__What the task requires__
Your output should consist solely of the lines from the one holding "Joy Yellow Crossbody Purse - Picture 4 of 6" to the end of the records below, inclusive, reproduced exactly and free of pictures.

[Short descriptive text snippets]

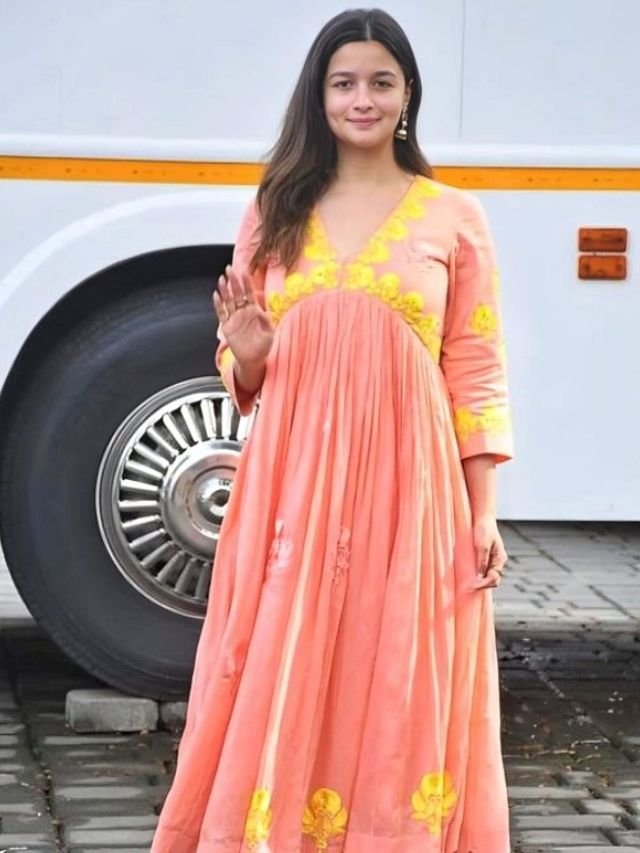 Alia Bhatt in Alia Cut Kurti Alia Bhatt in Alia Cut Kurti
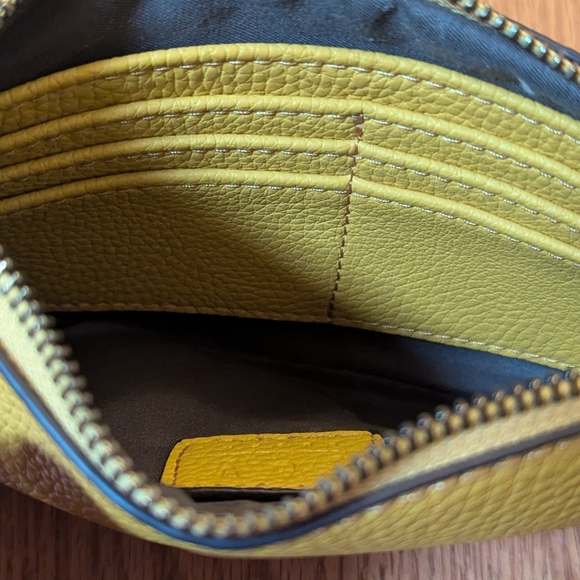 Joy Yellow Crossbody Purse - Picture 4 of 6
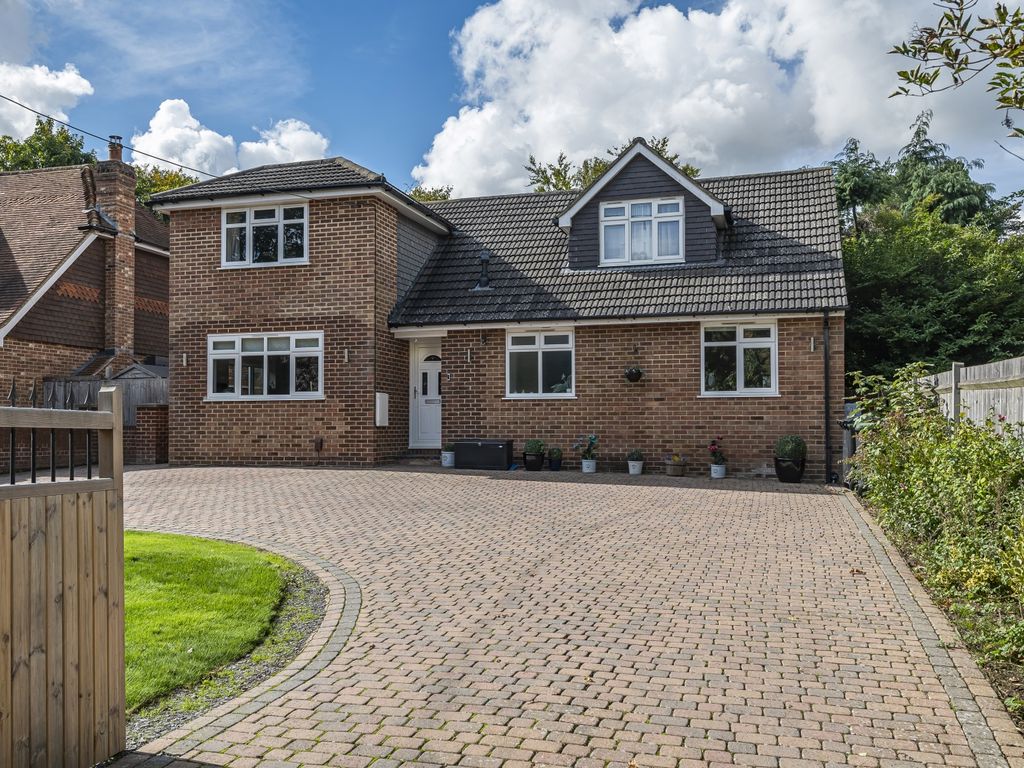 4 bed detached house for sale in Tunbury Avenue, Walderslade, Chatham ME5 Zoopla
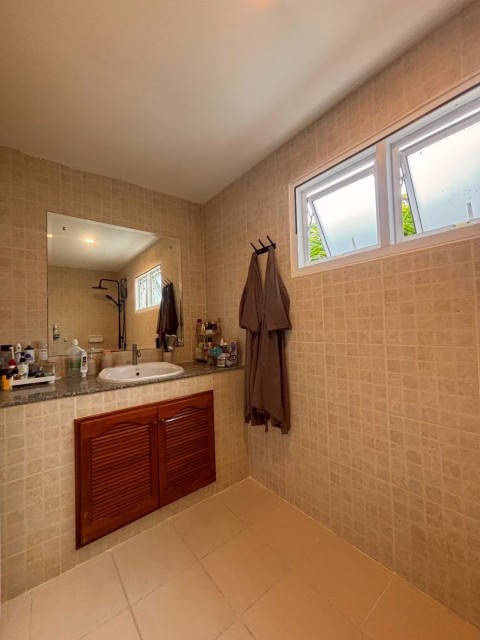 SALEขายบ้านเดี่ยวชั้นดียวในโครงการสินสุขธานี ลิพอนเนื้อที่94ตร.วามุมขาย 5.8 ล้าน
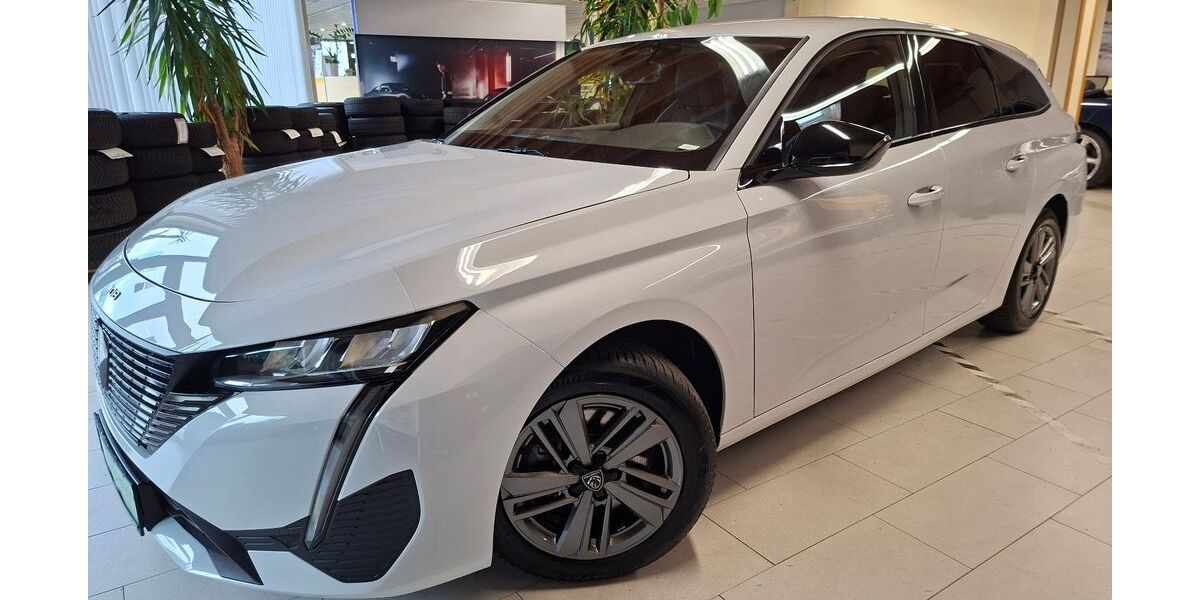 Peugeot 308 18.900 km 22.990 &euro; Altmittweida 09648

__Solution to this task__
 Joy Yellow Crossbody Purse - Picture 4 of 6
 4 bed detached house for sale in Tunbury Avenue, Walderslade, Chatham ME5 Zoopla
 SALEขายบ้านเดี่ยวชั้นดียวในโครงการสินสุขธานี ลิพอนเนื้อที่94ตร.วามุมขาย 5.8 ล้าน
 Peugeot 308 18.900 km 22.990 &euro; Altmittweida 09648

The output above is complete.